色譜柱：RBAX SB-C18(250 mm×4.6 mm，5.0 μm)，美國Agilent公司；

糙米、玉米樣品：湖南家潤多超市。

1.1.2 儀器

免疫熒光快速定量檢測系統：QD-Infinity型，深圳市賽泰諾生物技術有限公司；

酶標儀：rayto RT-6000型，深圳雷杜生命科學股份有限公司；

液相色譜儀：Agilent 1100型，安捷倫科技有限公司。

1.2 樣品檢測

1.2.1 樣品預處理 稻谷樣品脫殼后粉碎至全部過20目篩，小麥和玉米直接粉碎至全部過20目篩，稱取過篩樣品5 g置容器中(如50 mL離心管)，加入60%甲醇溶液25 mL，混勻，置搖床震蕩10 min，選擇4 000×g離心5 min，取上清液備用。

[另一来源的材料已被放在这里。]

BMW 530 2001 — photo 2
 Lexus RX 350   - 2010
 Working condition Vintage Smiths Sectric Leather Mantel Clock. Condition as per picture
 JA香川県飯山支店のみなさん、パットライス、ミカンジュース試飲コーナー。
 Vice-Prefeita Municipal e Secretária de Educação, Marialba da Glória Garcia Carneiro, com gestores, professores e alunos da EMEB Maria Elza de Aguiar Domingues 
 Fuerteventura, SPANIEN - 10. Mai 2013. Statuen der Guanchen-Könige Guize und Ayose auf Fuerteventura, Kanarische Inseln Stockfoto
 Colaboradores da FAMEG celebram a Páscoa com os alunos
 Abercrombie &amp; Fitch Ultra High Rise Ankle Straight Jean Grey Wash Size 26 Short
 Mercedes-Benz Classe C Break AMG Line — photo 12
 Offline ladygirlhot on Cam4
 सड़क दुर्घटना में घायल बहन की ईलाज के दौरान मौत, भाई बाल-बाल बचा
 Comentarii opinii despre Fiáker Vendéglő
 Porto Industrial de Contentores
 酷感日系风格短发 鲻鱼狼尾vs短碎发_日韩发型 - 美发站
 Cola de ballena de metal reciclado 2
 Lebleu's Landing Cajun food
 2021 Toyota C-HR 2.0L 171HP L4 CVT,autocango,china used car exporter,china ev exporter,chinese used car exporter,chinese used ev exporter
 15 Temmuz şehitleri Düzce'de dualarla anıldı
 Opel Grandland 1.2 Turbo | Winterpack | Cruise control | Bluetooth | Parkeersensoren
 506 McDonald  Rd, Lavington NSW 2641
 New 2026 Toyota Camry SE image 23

1.2.2 超導量點—免疫熒光法快速法 取經預處理的樣品上清液100 μL與ST緩沖液500 μL震蕩混勻，得待檢液1，取75 μL待檢液1垂直緩慢滴入檢測卡的加樣孔，孵育15 min后，選擇“快速檢測”模式，當出現請插入檢測卡提示時，立即將檢測卡插入QD-Infinity快速免疫熒光分析儀，儀器自動根據檢測卡上的二維碼讀取產品信息并進行檢測，13 s儀器顯示檢測結果，檢測完畢。

1.2.3 酶聯免疫法 取經預處理的樣品上清液，按照AFB1酶聯免疫檢測試劑盒的檢測方法進行測試。

1.2.4 高效液相色譜法

(1) 上樣液制備：取經預處理的樣品上層清液10 mL，加入20 mL蒸餾水稀釋于50 mL離心管中，渦旋混勻，再用微纖維濾紙過濾，并收集濾液作為上樣液。

(2) 凈化：免疫親和柱平衡后，將柱上面連接25 mL一次性注射器，準確移取15 mL上樣液，調節開關，使液體以1～2 d/s的速度流出；待液體排干后，用去離子水洗滌2次，每次10 mL；待液體排干后，上樣1 mL甲醇，流速1 d/s，收集洗脫液，用水稀釋定量至2 mL，最后用0.22 μm 微孔濾器過濾后轉移至樣品瓶采用柱后光化學衍生高效液相色譜法測量。

(3) 色譜條件：選擇ZORBAX SB-C18柱(250 mm×4.6 mm，5.0 μm)；流動相A為水，B為甲醇，C為乙腈；等度洗脫(58% A+20% B+22% C)；流速1.2 mL/min；柱溫30 ℃；進樣體積100 μL；激發波長360 nm；發射波長440 nm；柱后光化學衍生器。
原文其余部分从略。